WTI rose on Friday but posted a weekly loss of $1.32 to finish at $90.77/Bbl as the market weighed the potential of OPEC's limited spare production capacity, developments in the Iran-U.S. nuclear talks, and a bullish EIA report.
U.S. crude oil exports set a new weekly record at 5 MMBbl/d for the week ending August 12. WTI (and Houston WTI) has been trading at more of a discount to Brent, making purchases of U.S. crude more appealing to foreign buyers. There are other export incentives, too. Russian crude flows may be rerouting from the European market, which now needs a replacement. The strong pace of crude exports was the main contributor to a huge 7.1 MMBbl draw on U.S. oil inventories last week. Some analysts were surprised, as the API estimate was a small 0.5 MMBbl draw.
At the same time, gasoline stocks fell 4.6 MMBbl, far above expectations, indicating strong demand.
On the supply side, the market is awaiting developments from negotiations to revive the 2015 nuclear agreement between Iran and the U.S. A negotiated deal would likely increase Iranian oil exports by removing oil sanctions. But a deal isn't looking likely. Officials from the EU and the U.S. are reviewing Iran's response to what they described as their "final" proposal to keep the deal alive. But Iran has insisted on U.S. guarantees that a new agreement would be permanent, essentially requiring it to have ratified-treaty status. Many expect this to kill the deal. However, if an agreement is reached, the nation may increase output by nearly 1 MMBbl/d, perhaps starting in phases beginning in 2023.
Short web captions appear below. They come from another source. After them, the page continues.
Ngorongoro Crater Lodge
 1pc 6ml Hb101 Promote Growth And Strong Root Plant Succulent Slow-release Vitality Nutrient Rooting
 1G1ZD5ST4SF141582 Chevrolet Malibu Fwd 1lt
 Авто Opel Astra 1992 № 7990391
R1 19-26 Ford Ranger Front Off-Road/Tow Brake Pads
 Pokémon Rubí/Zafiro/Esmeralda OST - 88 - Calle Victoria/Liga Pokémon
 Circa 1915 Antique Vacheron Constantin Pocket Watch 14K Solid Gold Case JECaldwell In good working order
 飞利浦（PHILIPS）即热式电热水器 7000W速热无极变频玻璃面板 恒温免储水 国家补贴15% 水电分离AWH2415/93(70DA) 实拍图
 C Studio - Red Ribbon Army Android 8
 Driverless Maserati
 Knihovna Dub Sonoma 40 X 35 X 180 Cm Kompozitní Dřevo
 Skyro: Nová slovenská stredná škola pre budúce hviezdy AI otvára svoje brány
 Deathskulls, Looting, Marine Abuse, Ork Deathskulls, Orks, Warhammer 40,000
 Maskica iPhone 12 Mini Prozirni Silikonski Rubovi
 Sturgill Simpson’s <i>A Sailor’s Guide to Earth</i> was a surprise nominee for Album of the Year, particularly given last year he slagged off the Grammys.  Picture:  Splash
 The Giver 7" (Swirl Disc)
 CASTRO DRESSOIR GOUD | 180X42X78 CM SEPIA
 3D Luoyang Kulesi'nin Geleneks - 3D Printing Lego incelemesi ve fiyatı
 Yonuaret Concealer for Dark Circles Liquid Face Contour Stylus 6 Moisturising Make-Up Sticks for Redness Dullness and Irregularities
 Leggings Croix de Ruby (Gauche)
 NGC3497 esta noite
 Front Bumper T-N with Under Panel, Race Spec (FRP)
Meanwhile, OPEC's new Secretary General Haitham Al Ghais warned that a supply crunch through 2022 is likely due to increasing global demand and dwindling spare capacity. He was certain that the global oil demand would increase by roughly 3 MMBbl/d this year while spare production capacity was "becoming scarce."
AEGIS hedging recommendations remain costless collars. A collar would allow for a price floor to be set to protect against a price decline and also allow for upside participation if prices realize higher than the forward curve.